I think it's an interesting idea to consider: If some team interfaces with something outside of its control, they need to have a mock of it. That policy increases the development effort by at least a factor of two (you always have to create the mock alongside the thing), but it's just a linear increase.
Either way, once the local version exists, then the job becomes maintaining all the infrastructure that lets you bring up the pieces, populate them with reasonable state and wire them into whatever the bits are that are being actively hacked-on.
Oh, absolutely. But at this point, your team is probably around several dozen people and you have a product with paying customers. This naturally slows the development speed, however you organize the development process.
> I think it's an interesting idea to consider: If some team interfaces with something outside of its control, they need to have a mock of it. That policy increases the development effort by at least a factor of two (you always have to create the mock alongside the thing), but it's just a linear increase.
The problem is, you can't really recapture the actual behavior of a service in a mock.
To give you an example, DynamoDB in AWS has a local mock in-memory DB for testing and development. It has nearly the same functionality, but stores all the data in RAM. So the simulated global secondary indexes (something like table views in classic SQL databases) are updated instantly. But on the real database it's eventually consistent, and it can take a fraction of a second to update.
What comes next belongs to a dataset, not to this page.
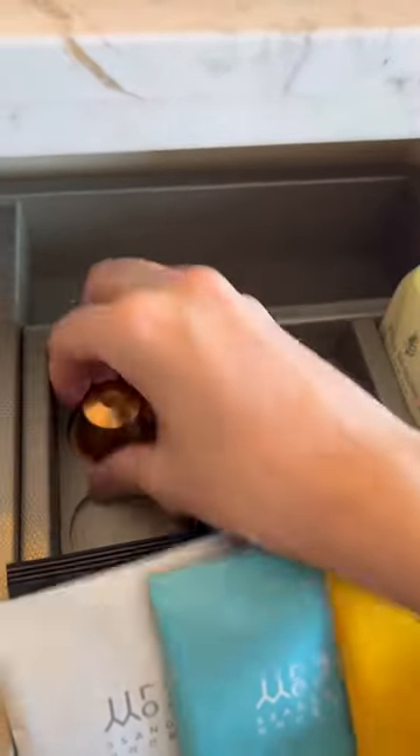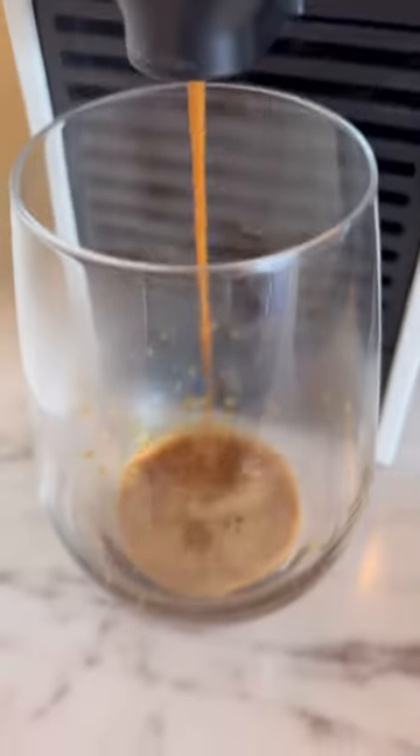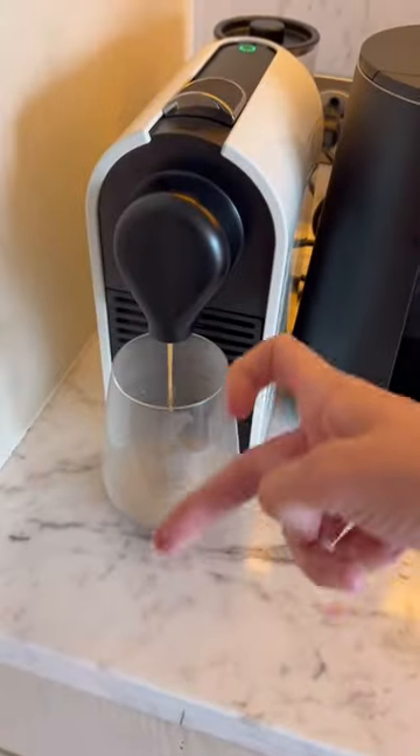Okay, so for everyone who's dying to know how I make coffee at the hotel, this is how. So we select a coffee and then we put a glass there. We take the coffee, and this is simple syrup from the hotel.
So when you try to use your service in production, it can start breaking under the load.
Perhaps, we need better mocks that also simulate the behavior of the real services for delays, retries, and so on.
At BigCo we have migrated a number of internal things to Otel but I don’t think it has been worth the effort.
So many projects come with prometheus metrics, dashboards, and alerts out of the box that it becomes hard to use anything else. When I pick some random helm chart to install you can almost guarantee that is comes with prometheus integrations.
With grafana mimir you can now scale easily to a few billion metrics streams so a lot of the issues with the old model of prometheus have been fixed.
Like you said I don’t think there is much to innovate on in this area, which is a good thing.
It works great for stateless things, but not so great for stateful things. I guess this plays into state being persisted in object storage or DBs, this allows the application to be stateless.
It's good to actually see even a mention of control theory.
My degree was electronics and control theory and whilst I've only had one job that involved either electronics or control theory I often think about software in these terms: I genuinely think that as an industry we need to seriously consider the systems we build in control theoretic terms.
SharePoint CSM, Dynamics, SQL Server CLR, Visual Studio extensions, Office AddIns.